Stonehouse farm and Dixon's Dairy were for many years synonymous although in latter years the loss of pastures to the ever encroaching housing developments turned what had been a dairy farm into a dairy selling pre-bottled milk. Even this came to an end brought by retirement and the ever-changing methods of milk production based on ever larger dairies. A letter reproduced below from Yvonne Dixon now Yvonne Hewett paints a picture of what life was like.

The Letter

STONEHOUSE FARM, WROXHAM ROAD, SPROWSTON, ------ J.J. DIXON AND SONS. All is familiar to me being part of my heritage as the house, farm and dairy become treasured family memories.

My grandfather Joseph J Dixon with his wife Edith, build up their dairy business possibly prior to the Great War. The dates are unclear. The herd had plenty of grazing land, named Dixons field now an area of housing development-Stonehouse Road and Blenheim Road.

Sprowston, at that time, with a small population meant sales and delivery is had to be aimed at the expanding Norwich. Door to door service known as "Dip a Can " this being a measuring can with a long handle to extract the milk from the container. The delivery vehicles were by handcart or horse drawn carriage.

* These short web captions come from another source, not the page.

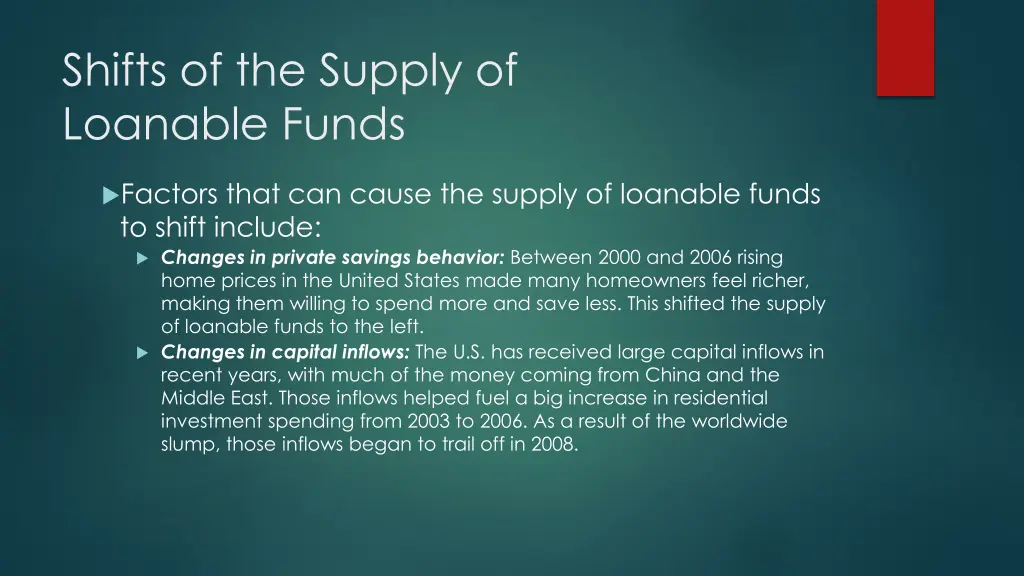 shifts of the supply of loanable funds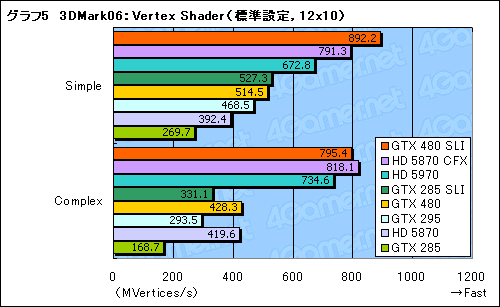 #029Υͥ/GeForce GTX 480ץӥ塼FermiɤDirectX 11μˤʤ뤫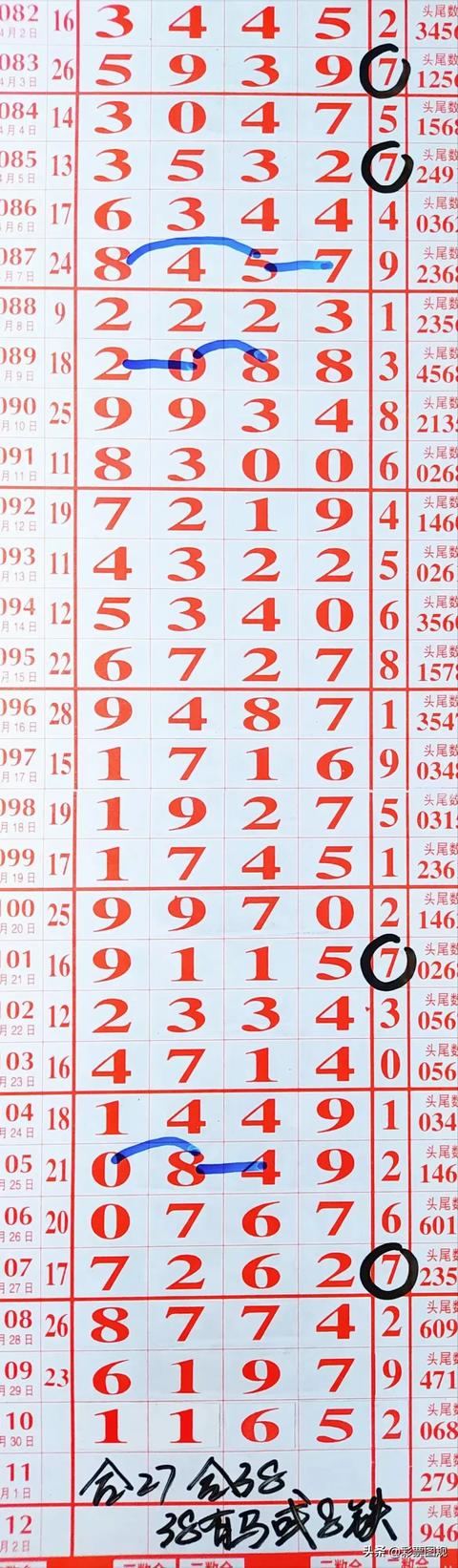 排列三走势图综合跨度，解码数字彩票的奥秘排列三走势跨度走势
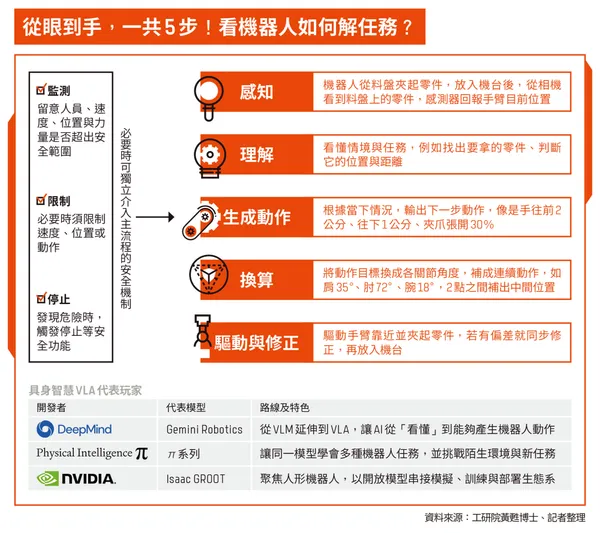 一圖搞懂具身智慧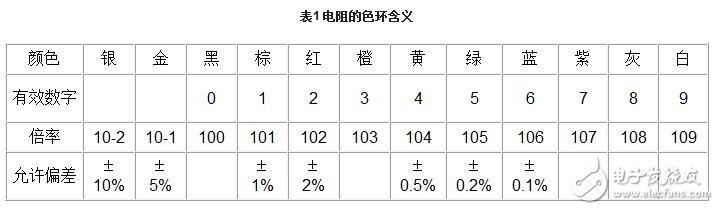 電阻器的技術(shù)參數(shù)、分類與選用及其標(biāo)注識(shí)別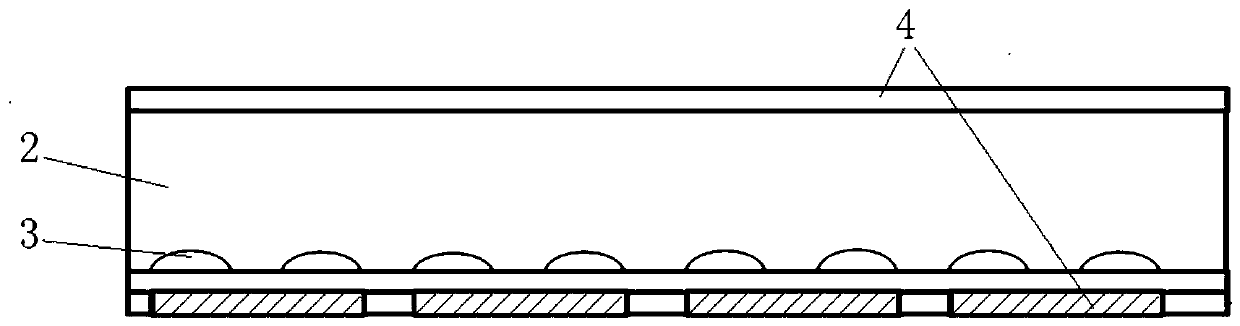 Dimming structure of display device, backlight module and display device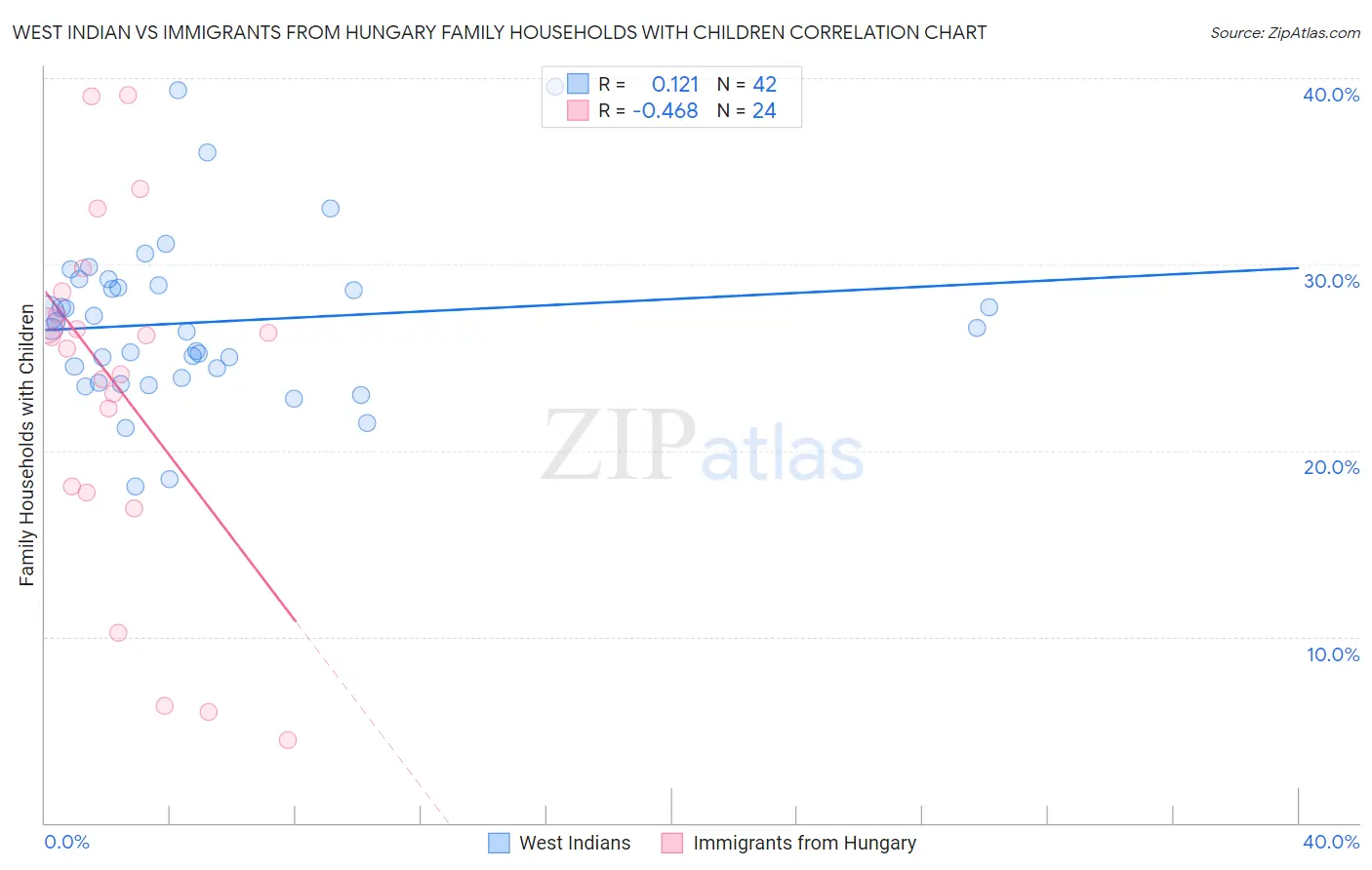 West Indian vs Immigrants from Hungary Family Households with Children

My parents, Stanley and Joy, gradually came into the business at the time of change. The 1930s saw the Dixon and grazing land begin to shrink at the expense of housing development, meant the herds would have to go, and to stay in the business by having to import milk for bottling. During the war and for a time after wards, my mother Joy took to deliveries driving the first of the J. J. Dixon vans - no driving test needed. A long serving member of the dairy was George Pipe who partly covered the area by handcart.

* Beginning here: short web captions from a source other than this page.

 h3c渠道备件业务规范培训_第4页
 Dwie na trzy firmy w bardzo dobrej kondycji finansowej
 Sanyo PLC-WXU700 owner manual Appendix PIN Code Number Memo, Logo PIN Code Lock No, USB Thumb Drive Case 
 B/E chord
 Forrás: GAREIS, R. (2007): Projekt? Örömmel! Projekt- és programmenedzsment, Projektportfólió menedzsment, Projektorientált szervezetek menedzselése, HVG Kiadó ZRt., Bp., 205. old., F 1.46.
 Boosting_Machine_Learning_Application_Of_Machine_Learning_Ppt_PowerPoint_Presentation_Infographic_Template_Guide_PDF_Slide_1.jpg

In the late 1940s J. J. Dixon had installed the latest pasteurising and sterilising equipment giving the dairy much acclaim throughout the county and duly recognised as the "Model Dairy".

I have memories as a young girl operating these units, also the bottle filling and capping with those cardboard inserts. Another of my duties that put me off milk for years after --- tasting milk samples.

Grandfather died in 1951 and soon after the units were dismantled, therefore closing down the bottling operation. Dixons now became a distributor of "ready bottled milk" and invested in larger vehicles and an electric operated handcart. The business had four large rounds penetrating Thorpe and Norwich, such was the demand for Dixon's milk. When father died in 1965 my mother Joy decided to take the business onwards. That she did for 15 years, then in 1980 she retired and the rounds were taken over by Dairy Crest.

Our old maps show the area as "Gurney of Walsingham" and Cozens Hardy Road shown as “Cattonham”. This Stonehouse was never rated as a listed building and despite the erection of new properties in the vicinity appears to add lustre to the old house.

By Yvonne Hewett nee Dixon (Feb. 2002).